The leaves have started to change color, the days have grown shorter and cooler, and pumpkin spice lattes are now back on the menu... fall is officially here. My personal favorite way to welcome autumn includes cozy sweaters and a new pair of booties (not to mention a little extra Netflix time). But there is one additional thing I've added to this year's list, and that is to balance out my yoga practice with a few key poses for fall. The ones I've listed below really help my body transition through the season more gracefully. Oh, and there is one more thing I forgot to mention - a cute new yoga outfit always makes coming to the mat a lot more exciting. The one I'm wearing in all of the photos here is by Sam Edelman, and it couldn't be more perfect for this fall!
1. Get Grounded
It turns out that along with the change in weather, it's also quite common to experience some extra nervous energy during this transitional season. Practicing grounding poses, including this Chair Pose Variation can help the body feel stronger and more centered.
Separate your feet about the width of your mat, with your toes turned outward.
Ground your feet firmly into the floor as squat down, lowering your torso onto your thighs and keeping your hips in line with your knees.
Extend your arms forward. Reach them all the way toward the front of the room as you reach your hips all the way back.
Keep your core engaged and your belly lifting up.
Squeeze your triceps inward toward your ears and press your palms away.
Hold for five breaths, then release and repeat 3 more times.

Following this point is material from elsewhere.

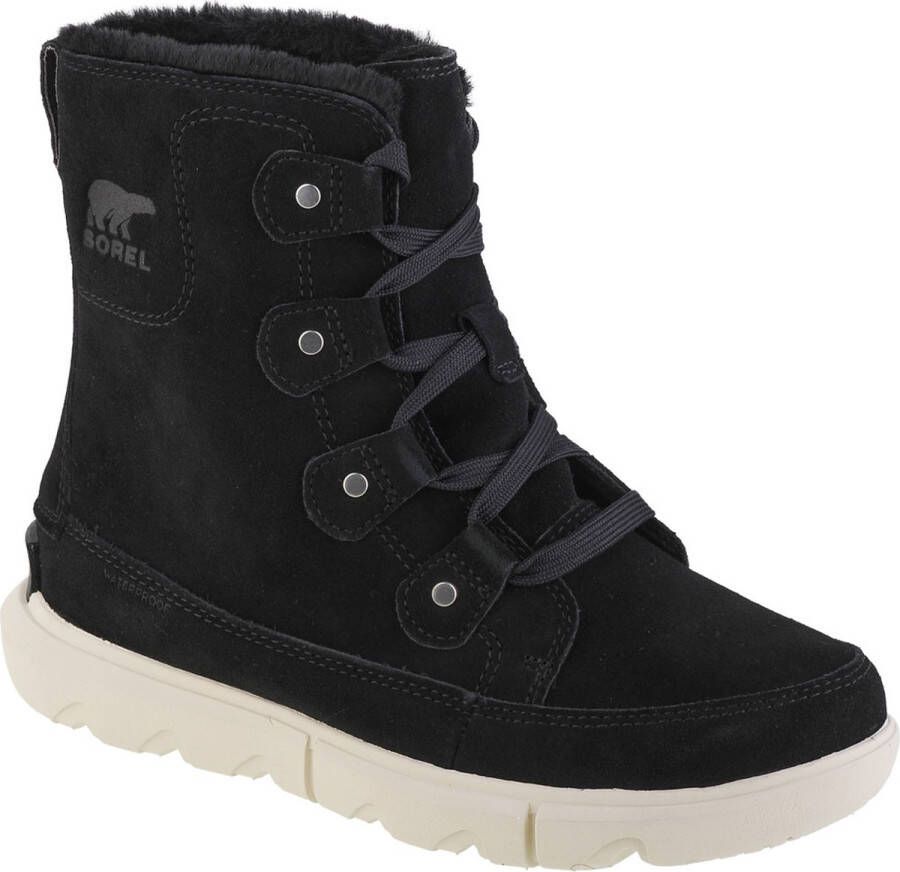 Sorel Explorer Next Joan Wp Veterboots Laarzen Met Veters Dames Zwart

2. Build Heat & Feel Energized
Though its tempting to just stay in and hibernate as the weather cools down, it's important to get the body warmed up to combat the stiffness that often accompanies the cold. Incorporating energizing poses, such as Bridge Pose (or any heart-opening pose) is a great way to build heat in the body.
Begin lying on your back, with the knees bent, with your feet flat on the floor and arms by your sides.
Raise the hips up toward the ceiling and either interlace the hands together or leave the arms down by the sides of the body.
Keep the neck in neutral as you continue to life the hips higher.
Hold for five breaths, then lower and repeat 2 more times.
3. Cleanse & Detox
Fall time is, unfortunately, often accompanied by cold & flu season. Spending extra time indoors only helps germs to spread faster. Yoga twists, such as Revolved Triangle Pose are a great way to boost the body’s natural detoxification process by helping to flush the toxins from the body and promote cleansing on a cellular level.
Begin with your feet about 2-3 feet apart, and align the right heel with the left heel. Pivot your right foot out 90 degrees and turn your left foot slightly inward.
Reach your left arm up toward the ceiling, Hinge forward from your hips, keeping length in the spine and open your torso to the right as you place your left hand to the outside of your right foot. Use your right hand, if necessary, to draw your left hip back so it stays in line with your right hip.
Lengthen your spine and roll your right shoulder back as you extend your right arm upward. Reach the left fingertips toward the ceiling. If possible, turn your head to gaze at your right thumb.
Hold for five breaths, then slowly release and repeat on the opposite side for the same length of time
4. Rest & Restore
Restorative yoga poses help us disconnect from the frenzied pace of daily life. The slow pace and deep breathing activates the parasympathetic nervous system which has a calming effect on our minds and bodies. Studies have shown that this type of relaxation, including poses like Legs Up the Wall, can help fend off depression, provide higher quality sleep, and improve mental health.
Begin by sitting with the right side of your body against the wall. Using your hands to balance, gently swivel your body to the right as you lower your torso to the floor and bring your legs up onto the wall.
Rest your shoulders and head on the floor. Wiggle your body from side-to-side to scoot your sitting bones closer to the wall. Let your arms gently rest at your sides, or place your left hand on your heart center, and your right hand on your belly.
Close your eyes and stay here for 5-10 minutes. Notice your breath as you lie here.
Slowly release by pushing yourself gently away from the wall as you slide your legs down and return to a seated position.